Archive for May, 2008

The battle for social data standards has started

Saturday, May 10th, 2008

Traackr has been on the forefront of advocating for the standardization of users’ social data – see our article from a few weeks ago about this.

The calls for standardization have gotten a lot of traction this week, starting with MySpace announcing on Thursday they will join the DataPortability project and partner with eBay, Yahoo, and Twitter to share user social data.  The next day, Facebook and Digg announce a partnership of their own. Monday, Google will launch of “Friends connect”.

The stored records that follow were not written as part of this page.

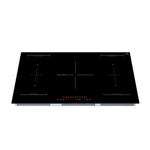 Forno Ornonzo Black 36" Induction Cooktop - FCTIN0569-36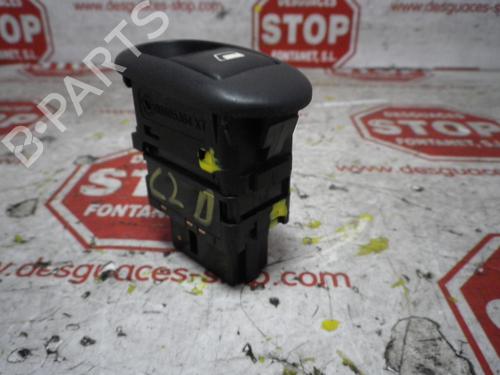 Right front window switch CITROËN C2 (JM_) 1.4 | BP7322574I26 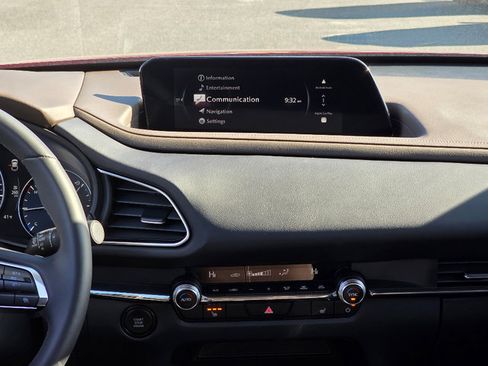 New 2025 MAZDA CX-30 AWD 2.5 S w/ Premium Package image 3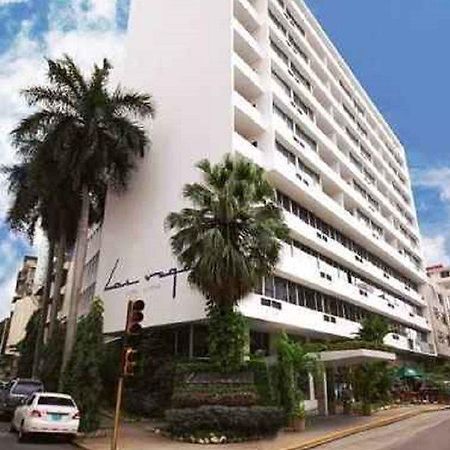 Las Vegas Hotel Panama City Exterior photo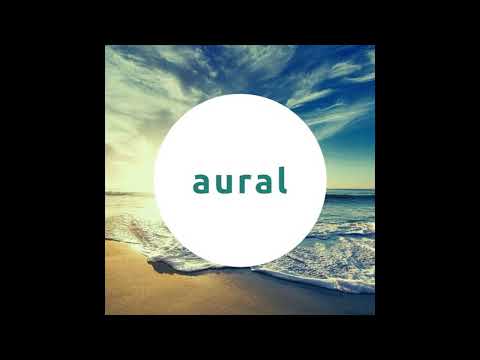 Aural Space - Chilled Evening. Chillout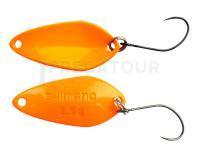 Leurre et cuiller Shimano Cardiff Search Swimmer 2.5g - 05S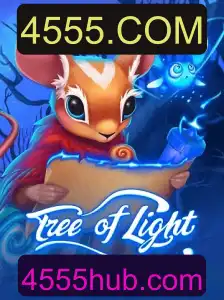 Explorando o Fascinante Mundo de TreeofLight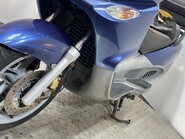 Piaggio X9 CAT B 125 2004 SPARES OR REPAIR RUNNING PROJECT SCOOTER 125CC 18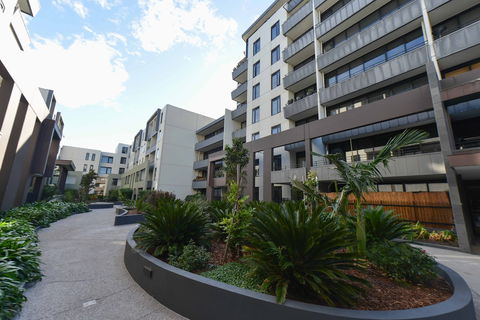 StayCentral On Nott St - Stayed 0
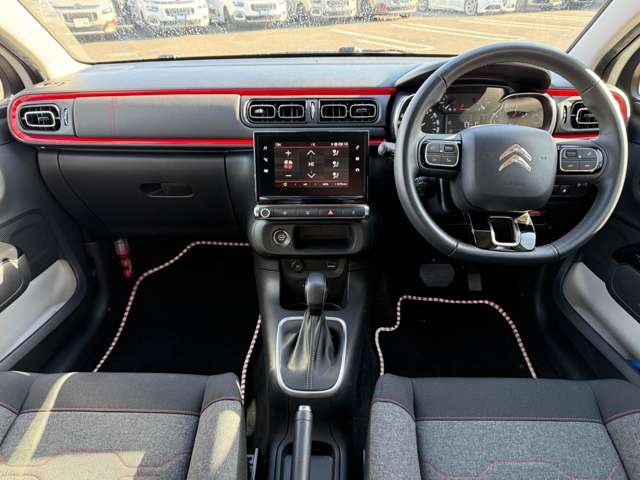 シトロエン Ｃ３ セントジェームス R1年 (東北) 99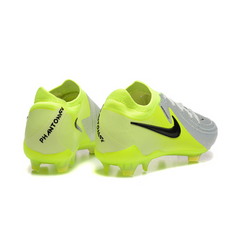 Botas de fútbol Nike Phantom GX2 Elite Mad Voltage Pack para niños, terreno firme (FG).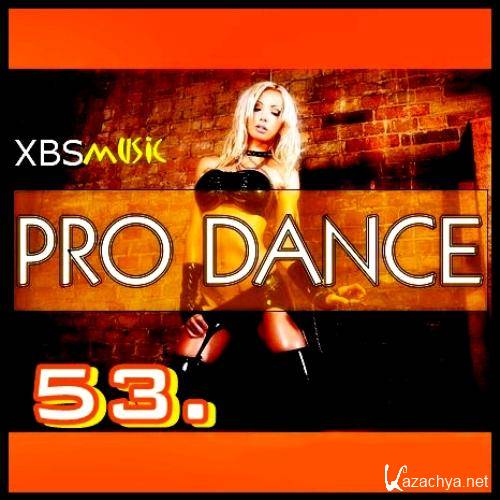 Pro Dance Vol. 53 (2012)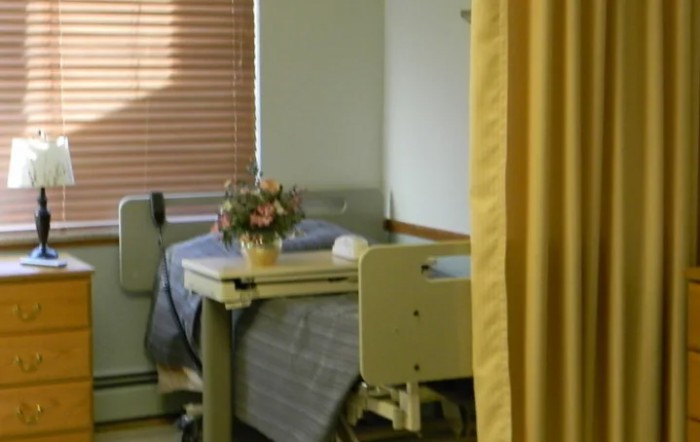 Applewood Living Center
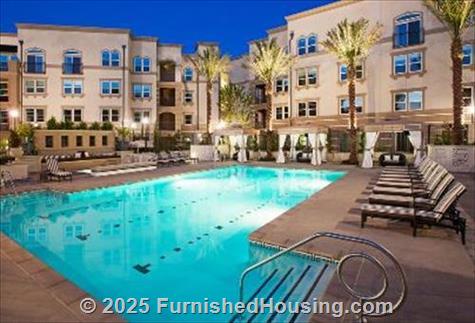 The Carlyle - Mid-Rise - 18880 Douglas, Irvine, CA  92612 - LG - 3693567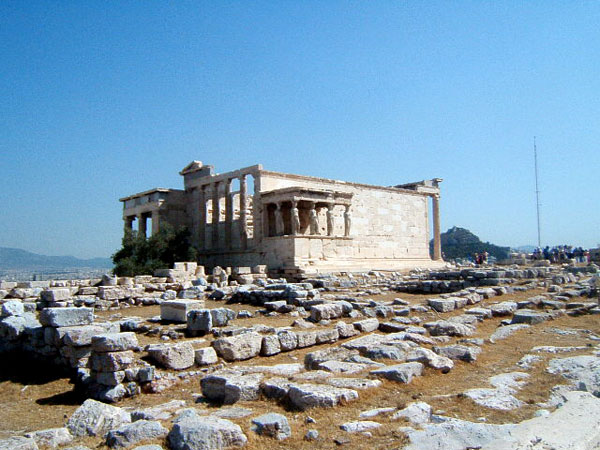 Glorious Greece Series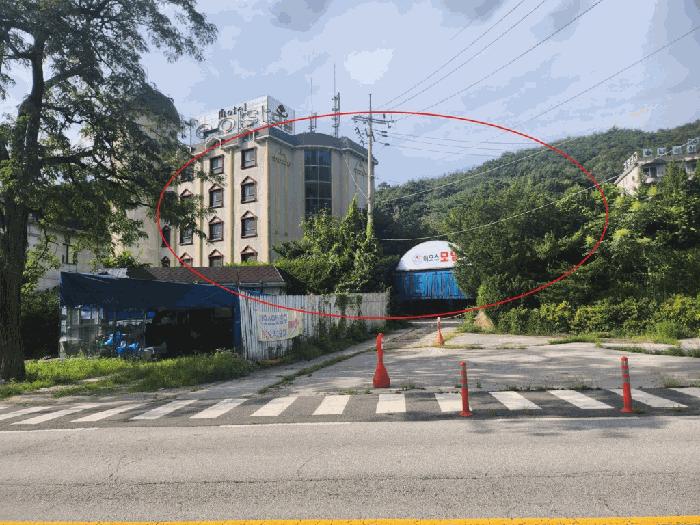 경기도 포천시 이동면 도평리 60-3 법원경매 물건 대표사진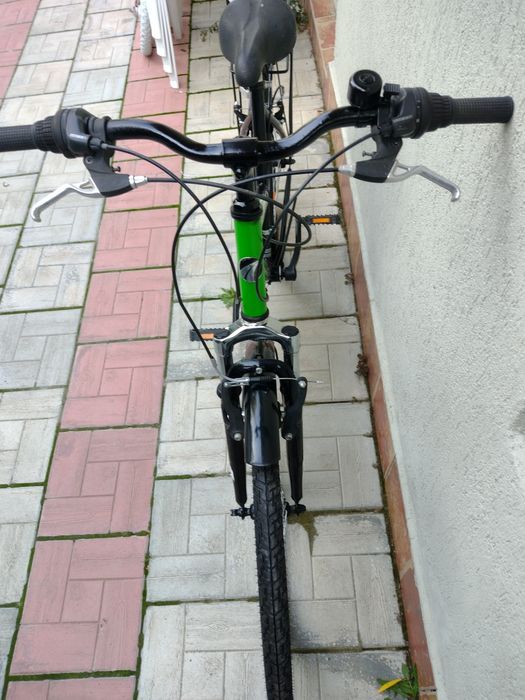 Bicicleta unisex R 26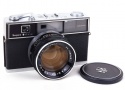 【美品】Mamiya/マミヤ Super Deluxe/スーパー・デラックス mamiya-sekor 48mm F1.5レンズ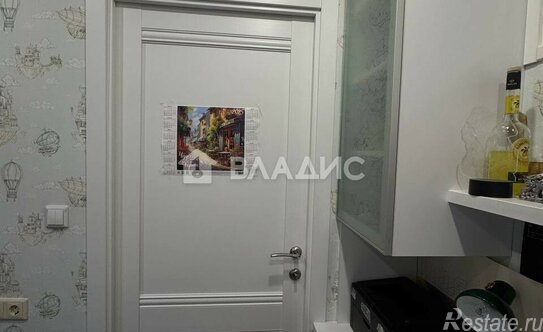 Продажа 2-комн квартиры на вторичном рынке Омская улица,  д. 28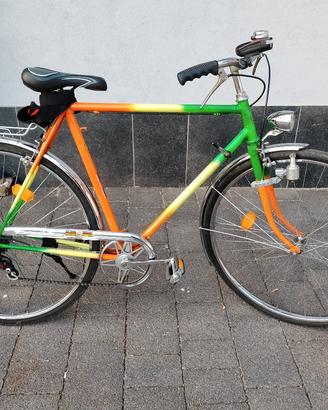 bici uomo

The battle for social data standards has started and the Traackr team couldn’t be happier. Whether Google, Facebook or MySpace manage to impose their standard, or even if we are left with 3 different standards (compared to no standards today), the real winner of this battle has already emerged: the user.

As for Traackr, we have been spending too much time up to this point to collect data in any way shape or form it was made available by the provider, and to normalize the data. As soon as some of these standards become real, we’ll be able to focus more time and attention where it is needed: give the data meaning for our users.

So kudos to Facebook, Twitter, Digg, MySpace, eBay, and Google.  Keep on the good fight!

Special note to our friends at LinkedIn: were you serious when you asked us to mail (with a stamp and all) you a request to participate in your Private Beta API? Read this post: the train is leaving the station and you’re not on it…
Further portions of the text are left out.